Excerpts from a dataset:
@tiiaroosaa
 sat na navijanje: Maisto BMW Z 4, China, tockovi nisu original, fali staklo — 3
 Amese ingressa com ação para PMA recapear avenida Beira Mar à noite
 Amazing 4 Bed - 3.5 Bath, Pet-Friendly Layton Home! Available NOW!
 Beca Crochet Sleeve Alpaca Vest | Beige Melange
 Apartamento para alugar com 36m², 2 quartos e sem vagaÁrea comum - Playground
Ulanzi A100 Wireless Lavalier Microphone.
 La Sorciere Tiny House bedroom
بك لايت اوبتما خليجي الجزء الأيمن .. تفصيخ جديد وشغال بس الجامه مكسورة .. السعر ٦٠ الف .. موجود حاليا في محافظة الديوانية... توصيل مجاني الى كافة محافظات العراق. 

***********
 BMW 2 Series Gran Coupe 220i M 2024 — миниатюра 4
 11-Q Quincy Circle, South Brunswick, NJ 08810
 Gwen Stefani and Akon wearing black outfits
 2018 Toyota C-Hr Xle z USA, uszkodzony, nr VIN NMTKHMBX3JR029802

REQUIRED WORK -
Retype all the data, keeping every character the same.

ANSWER SECTION -
@tiiaroosaa
 sat na navijanje: Maisto BMW Z 4, China, tockovi nisu original, fali staklo — 3
 Amese ingressa com ação para PMA recapear avenida Beira Mar à noite
 Amazing 4 Bed - 3.5 Bath, Pet-Friendly Layton Home! Available NOW!
 Beca Crochet Sleeve Alpaca Vest | Beige Melange
 Apartamento para alugar com 36m², 2 quartos e sem vagaÁrea comum - Playground
Ulanzi A100 Wireless Lavalier Microphone.
 La Sorciere Tiny House bedroom
بك لايت اوبتما خليجي الجزء الأيمن .. تفصيخ جديد وشغال بس الجامه مكسورة .. السعر ٦٠ الف .. موجود حاليا في محافظة الديوانية... توصيل مجاني الى كافة محافظات العراق. 

***********
 BMW 2 Series Gran Coupe 220i M 2024 — миниатюра 4
 11-Q Quincy Circle, South Brunswick, NJ 08810
 Gwen Stefani and Akon wearing black outfits
 2018 Toyota C-Hr Xle z USA, uszkodzony, nr VIN NMTKHMBX3JR029802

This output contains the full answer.